Stored data:
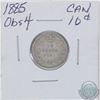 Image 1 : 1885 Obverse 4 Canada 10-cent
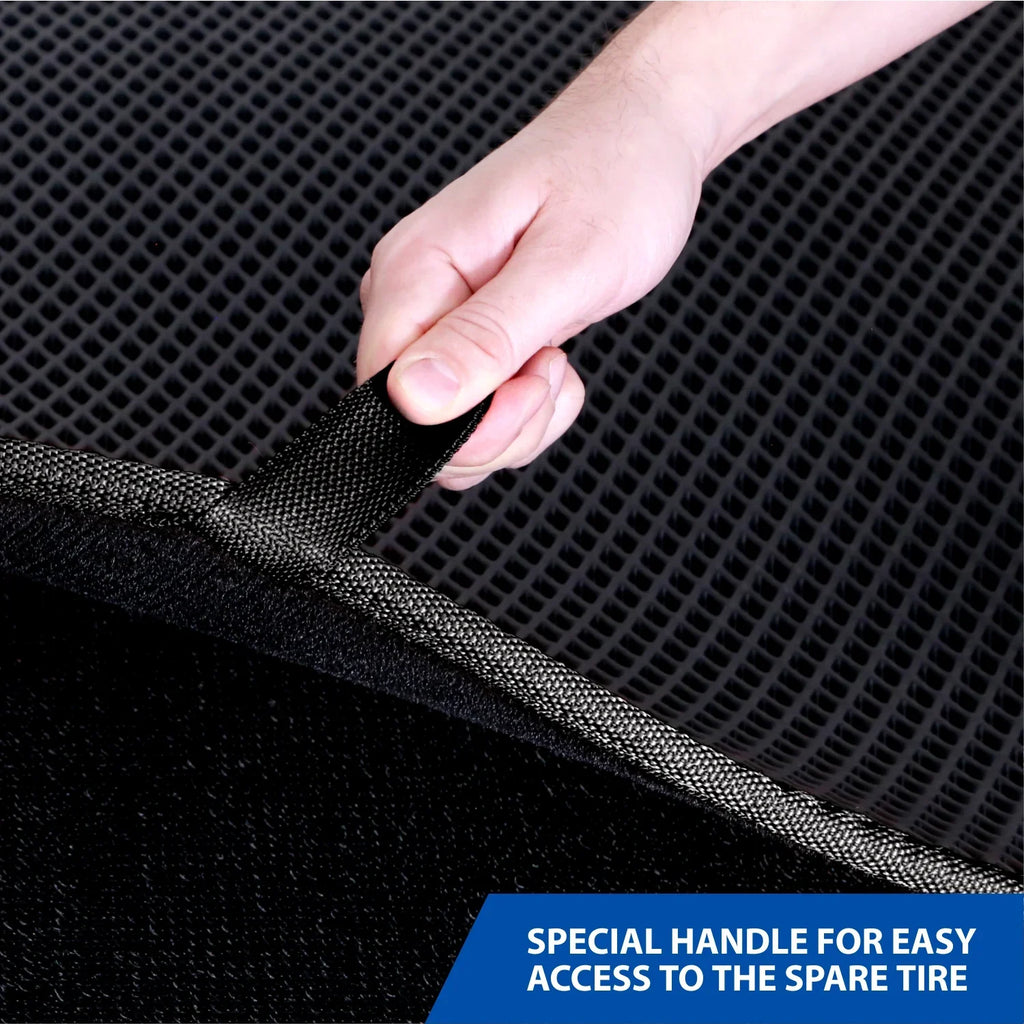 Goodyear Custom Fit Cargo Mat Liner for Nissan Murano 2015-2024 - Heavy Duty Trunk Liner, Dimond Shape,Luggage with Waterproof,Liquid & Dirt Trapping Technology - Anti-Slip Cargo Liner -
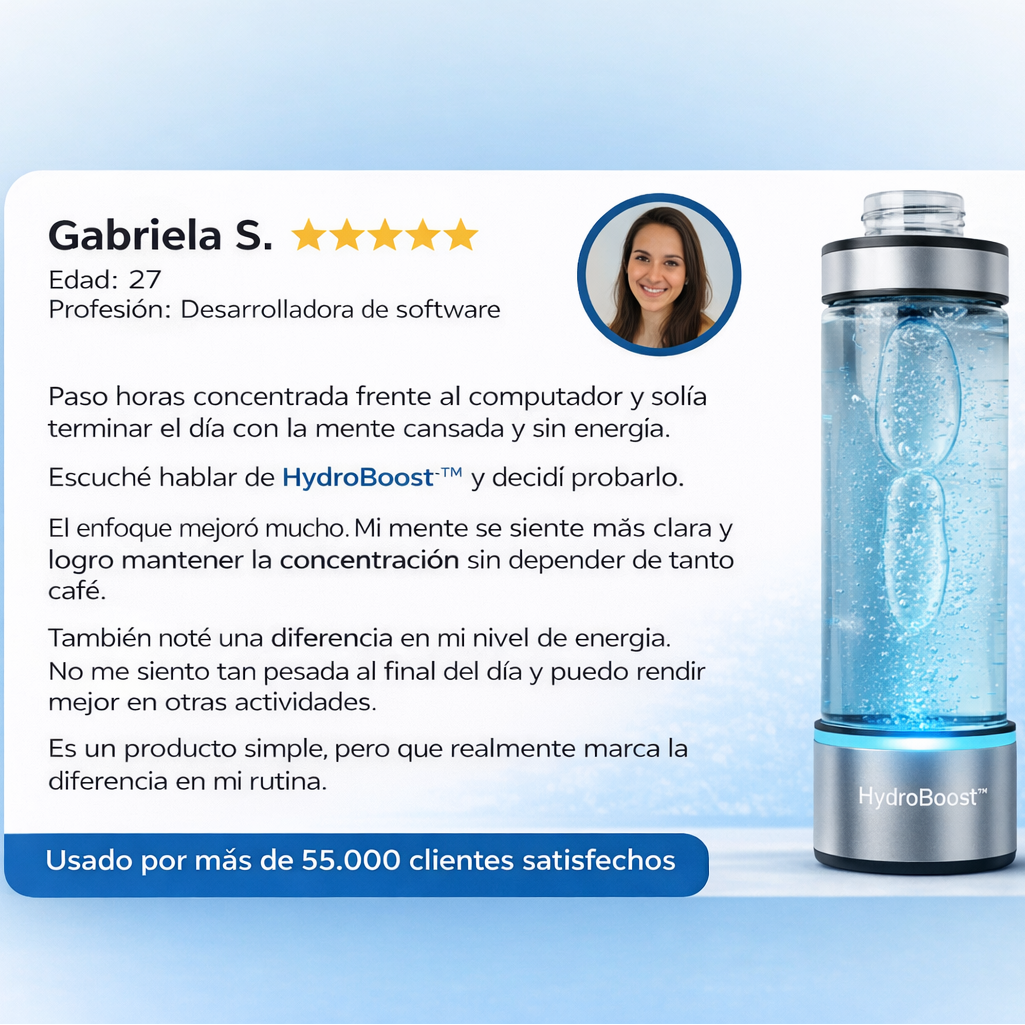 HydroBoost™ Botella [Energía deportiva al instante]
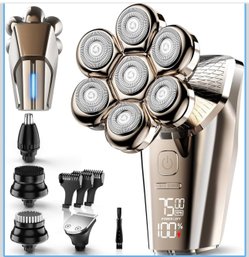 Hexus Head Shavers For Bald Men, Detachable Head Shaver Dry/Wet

What you should do: Transcribe the whole listing exactly. Pictures stay out of your copy.

Reply to the task:
 Image 1 : 1885 Obverse 4 Canada 10-cent
 Goodyear Custom Fit Cargo Mat Liner for Nissan Murano 2015-2024 - Heavy Duty Trunk Liner, Dimond Shape,Luggage with Waterproof,Liquid & Dirt Trapping Technology - Anti-Slip Cargo Liner -
 HydroBoost™ Botella [Energía deportiva al instante]
 Hexus Head Shavers For Bald Men, Detachable Head Shaver Dry/Wet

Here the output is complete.